Aktuell durchsucht der BND bis zu 1,2 Billionen Internetverbindungen täglich automatisiert. Aus diesen Verbindungen versucht er durch das Ausfiltern deutscher IP-Adressen die reine Auslandskommunikation zu destillieren, die über die deutschen Knoten läuft. Dass das anlasslose Durchsuchen der Kommunikation deutscher Nutzer mit Grundrechten wie dem Fernmeldegeheimnis und der Pressefreiheit kollidiert war der deutschen Staatsführung nämlich schon vor dem heutigen Urteil klar.

Das täglich etwa 24 Milliarden Rohdaten umfassende Auslandsdestillat wird anschließend mittels "Selektoren" ausgewertet. Die Ergebnisse dieser Prozedur gehen auch an befreundete Geheimdienste anderer Länder.

Keine bloßen Staatsbürgerrechte

Gegen die Rechtsgrundlage, die das erlaubt, legten sieben im Ausland tätige Journalisten und die Organisation Reporters sans Frontieres Verfassungsbeschwerde ein. Sie machten geltend, dass die Pressefreiheit und das Fernmeldegeheimnis keine bloßen Staatsbürgerrechte, sondern Rechte sind, die "sich auch auf Ausländer im Ausland" erstrecken.

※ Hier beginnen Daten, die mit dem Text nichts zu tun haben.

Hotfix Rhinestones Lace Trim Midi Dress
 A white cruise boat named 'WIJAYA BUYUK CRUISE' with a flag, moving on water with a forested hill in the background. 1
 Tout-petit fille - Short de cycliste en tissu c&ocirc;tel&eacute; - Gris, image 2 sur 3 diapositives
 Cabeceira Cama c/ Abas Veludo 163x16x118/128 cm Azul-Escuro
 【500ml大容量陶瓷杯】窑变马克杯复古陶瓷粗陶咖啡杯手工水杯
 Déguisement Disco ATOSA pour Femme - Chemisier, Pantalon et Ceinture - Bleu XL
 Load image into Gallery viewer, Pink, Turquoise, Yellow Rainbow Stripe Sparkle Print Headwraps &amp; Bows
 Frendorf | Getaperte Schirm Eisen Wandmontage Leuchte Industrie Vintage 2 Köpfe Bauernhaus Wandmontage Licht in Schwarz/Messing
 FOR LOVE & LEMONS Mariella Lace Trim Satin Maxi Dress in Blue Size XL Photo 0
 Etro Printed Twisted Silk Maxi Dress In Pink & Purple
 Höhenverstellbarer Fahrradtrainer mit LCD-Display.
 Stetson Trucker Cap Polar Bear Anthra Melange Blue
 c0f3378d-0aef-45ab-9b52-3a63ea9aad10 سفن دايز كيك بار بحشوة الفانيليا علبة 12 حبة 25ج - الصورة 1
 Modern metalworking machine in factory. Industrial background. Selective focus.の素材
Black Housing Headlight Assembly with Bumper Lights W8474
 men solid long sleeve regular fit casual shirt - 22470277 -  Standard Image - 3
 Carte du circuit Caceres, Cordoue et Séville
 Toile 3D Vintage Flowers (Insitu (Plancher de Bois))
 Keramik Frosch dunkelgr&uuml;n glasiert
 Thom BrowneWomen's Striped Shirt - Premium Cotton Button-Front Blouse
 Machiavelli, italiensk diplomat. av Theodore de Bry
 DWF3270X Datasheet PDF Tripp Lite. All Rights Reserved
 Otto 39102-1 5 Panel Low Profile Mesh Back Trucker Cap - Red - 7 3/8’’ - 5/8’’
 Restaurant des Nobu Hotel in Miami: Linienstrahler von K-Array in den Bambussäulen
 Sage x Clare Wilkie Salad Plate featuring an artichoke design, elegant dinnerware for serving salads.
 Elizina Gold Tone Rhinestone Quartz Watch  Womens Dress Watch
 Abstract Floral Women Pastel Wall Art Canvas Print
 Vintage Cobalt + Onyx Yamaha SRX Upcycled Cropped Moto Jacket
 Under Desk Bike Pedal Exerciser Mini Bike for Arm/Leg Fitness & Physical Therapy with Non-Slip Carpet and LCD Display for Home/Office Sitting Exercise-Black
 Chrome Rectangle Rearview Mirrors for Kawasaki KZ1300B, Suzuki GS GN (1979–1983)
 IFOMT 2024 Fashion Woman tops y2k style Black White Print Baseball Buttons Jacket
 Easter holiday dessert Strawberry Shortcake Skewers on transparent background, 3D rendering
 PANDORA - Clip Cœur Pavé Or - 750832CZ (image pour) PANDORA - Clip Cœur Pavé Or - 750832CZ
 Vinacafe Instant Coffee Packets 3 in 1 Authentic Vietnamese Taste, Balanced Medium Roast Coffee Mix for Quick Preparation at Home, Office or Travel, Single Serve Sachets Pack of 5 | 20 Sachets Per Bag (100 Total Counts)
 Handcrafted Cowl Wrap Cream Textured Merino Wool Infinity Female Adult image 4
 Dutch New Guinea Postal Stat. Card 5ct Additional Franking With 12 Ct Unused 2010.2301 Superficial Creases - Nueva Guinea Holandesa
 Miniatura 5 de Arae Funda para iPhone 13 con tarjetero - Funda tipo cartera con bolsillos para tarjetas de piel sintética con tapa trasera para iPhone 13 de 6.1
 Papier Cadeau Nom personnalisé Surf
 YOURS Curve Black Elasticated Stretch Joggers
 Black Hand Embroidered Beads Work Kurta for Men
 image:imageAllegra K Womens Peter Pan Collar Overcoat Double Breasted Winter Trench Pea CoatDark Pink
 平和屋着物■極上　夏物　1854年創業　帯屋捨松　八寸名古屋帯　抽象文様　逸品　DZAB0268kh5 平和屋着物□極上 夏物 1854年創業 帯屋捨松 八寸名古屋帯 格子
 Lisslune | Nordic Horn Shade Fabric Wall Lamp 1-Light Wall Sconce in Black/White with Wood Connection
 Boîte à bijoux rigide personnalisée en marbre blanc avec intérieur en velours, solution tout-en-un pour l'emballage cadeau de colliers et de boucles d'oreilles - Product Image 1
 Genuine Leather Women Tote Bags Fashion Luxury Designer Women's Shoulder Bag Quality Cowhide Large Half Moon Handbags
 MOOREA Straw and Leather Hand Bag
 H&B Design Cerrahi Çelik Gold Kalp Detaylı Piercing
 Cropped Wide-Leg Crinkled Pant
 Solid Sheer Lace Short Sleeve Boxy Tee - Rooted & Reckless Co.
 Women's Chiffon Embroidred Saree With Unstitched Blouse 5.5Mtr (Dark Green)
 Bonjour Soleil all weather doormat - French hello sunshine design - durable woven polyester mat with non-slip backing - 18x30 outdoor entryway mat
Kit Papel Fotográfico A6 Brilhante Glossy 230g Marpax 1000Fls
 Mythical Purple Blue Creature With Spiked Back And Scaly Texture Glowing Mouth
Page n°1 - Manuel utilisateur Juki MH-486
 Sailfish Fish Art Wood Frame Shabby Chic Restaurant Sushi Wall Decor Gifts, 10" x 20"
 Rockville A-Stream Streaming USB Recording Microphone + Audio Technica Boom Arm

Dieser Ansicht stimmte der Erste Senat das Bundesverfassungsgericht nun zu.

Beim deshalb notwendigen Abwägen der Rechtsgüter berücksichtigten die Karlsruher Richter, dass das anlasslosen Durchsuchen dabei hilft, die Bundesregierung "mit Informationen für ihre außen- und sicherheitspolitischen Entscheidungen" zu versorgen, "sich im machtpolitischen Kräftefeld der internationalen Beziehungen zu behaupten" und "folgenreiche Fehlentscheidungen" zu vermeiden.

Vor solchen "folgenreichen Fehlentscheidungen" hatte unter anderem der ehemalige BND-Chef August Hanning gewarnt. Ihm zufolge blieb die Bundesregierung dem Irakkrieg 2003 nur deshalb fern, weil der BND den amerikanischen Behauptungen zu Massenvernichtungswaffen eigene Informationen entgegenhalten konnte. Zur deutschen Teilnahme am Kosovokrieg äußerte sich Hanning in diesem Zusammenhang nicht.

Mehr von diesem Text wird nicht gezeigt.